Joel Arthur Barker wrote a great book in the 1980s about paradigms and how paradigms shift when new evidence is developed to solve outstanding problems with the current perspective. He had some great lines, like "when the paradigm shifts, everything goes back to zero."

One thing I remember about his research is that very often the paradigm shifter comes from outside the accepted mainstream. The reason for this is that those who apply themselves from the outside come to the problem with a different perspective. Today we don't talk too much about paradigms. In the business world, the current language is about disruption. Clayton Christensen has written extensively about innovation and how it creates disruption in marketplaces. The message is the same: when disruption occurs, everything goes back to zero. Think of the rules being rewritten by many technology companies that derived business models that fundamentally changed the game through innovation in creating new solutions to problems that weren't being addressed by existing business leaders.

Remember upstart Dell demolishing IBM's market share in computers? Remember upstart Walt Disney inventing the feature length cartoon and turning out the highest grossing movie ever with Snow White and the Seven Dwarfs, when nobody in Hollywood would dare try to make a full length feature cartoon? He did the same with the reinvention of the amusement part and was laughed at when he said he was going to build Disneyland and charge admission. It was unheard of at the time. There is no shortage of stories about paradigm shifters, and I find them fascinating.

I recently came across a story about ex-Beatle Paul McCartney. The man who signed The Beatles to a recording contract after they were turned down by every major recording company in England was their eventual record producer, George Martin.

Writing in his 1979 memoirs "All You Need Is Ears," George Martin talks about how in his opinion, both John Lennon and Paul McCartney's lack of formal musical training played a major part in their success as a song writers and composers. With regards to Paul, he writes:

"I think that if Paul, for instance, had learned music 'properly' -- not just the piano, but correct notation for writing and reading music, all the harmony and counterpoint that I had to go through, and techniques of orchestration -- it might well have inhibited him. He thought so too. (And after all, why should he bother, when he had someone around who could do it for him?) Once you start being taught things, your mind is channelled in a particular way. Paul didn't have that channelling, so he had freedom, and could think of things that I would have considered outrageous. I could admire them, but my musical training would have prevented me from thinking of them myself. I think, too, that the ability to write good tunes often comes when someone is not fettered by the rules and regulations of harmony and counterpoint. A tune is a one-fingered thing, something that you can whistle in the street; it doesn't depend on great harmonies. The ability to create them is simply a gift." (All You Need Is Ears, P.p. 139-140)

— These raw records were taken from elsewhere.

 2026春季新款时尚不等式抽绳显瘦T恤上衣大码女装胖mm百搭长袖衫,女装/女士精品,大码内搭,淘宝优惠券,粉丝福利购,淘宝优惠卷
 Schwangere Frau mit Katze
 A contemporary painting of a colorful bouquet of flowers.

 George Martin was a classically trained musician with all of the fixings. The Fab Four were self-trained but determined lads who George Martin didn't think were anything too special when he first listened to them, but liked them personally and was looking for a new band for his Parlophone record label. Somehow Paul and John were able to craft catchy pop songs combined with a particular cheeky and likable persona that appealed to the masses. To a great degree, says George Martin, they were able to succeed to the extent that they did because they were outsiders uninhibited by the existing rules of the music business. Whatever seemingly crazy musical idea they had, they would set producer George Martin about the task of figuring out how to achieve it. For example, the Sgt. Pepper's Lonely Hearts Club Band album was recorded by Mr. Martin on four-track tape, and was considered a monumental achievement of music recording at the time, and will always be admired as a breakthrough in recording innovation.

I used to think that producer George Martin was the secret to the Beatles success, but while he played a considerable role in bringing their audible visions to reality, he claims that almost all of the big ideas regarding the content of the music came from "the lads."

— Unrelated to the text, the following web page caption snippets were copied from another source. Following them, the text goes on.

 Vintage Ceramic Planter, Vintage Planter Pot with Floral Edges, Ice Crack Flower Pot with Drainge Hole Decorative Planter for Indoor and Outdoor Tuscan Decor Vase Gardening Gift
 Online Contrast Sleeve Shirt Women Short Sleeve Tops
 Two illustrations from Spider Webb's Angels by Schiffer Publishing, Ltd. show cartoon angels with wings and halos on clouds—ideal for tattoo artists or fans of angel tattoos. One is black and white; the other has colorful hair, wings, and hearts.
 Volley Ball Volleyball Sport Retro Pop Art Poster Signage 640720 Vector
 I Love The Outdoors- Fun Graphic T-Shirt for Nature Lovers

While reading about The Beatles recently online, I came across a reference to popular and successful classical composer of the 20th century (who's name I can't recall) who was once asked who the great arrangers of the 20th century were and his first choice was Paul McCartney for his compositional vision of the elements of those great and timeless Beatles songs. Both he and John Lennon, and I suppose all great composers, would compose in his head and play with arrangements until they sounded the way he wanted them to sound, then they would bring their ideas to Mr. Martin, who would help them achieve their vision in the recording studio.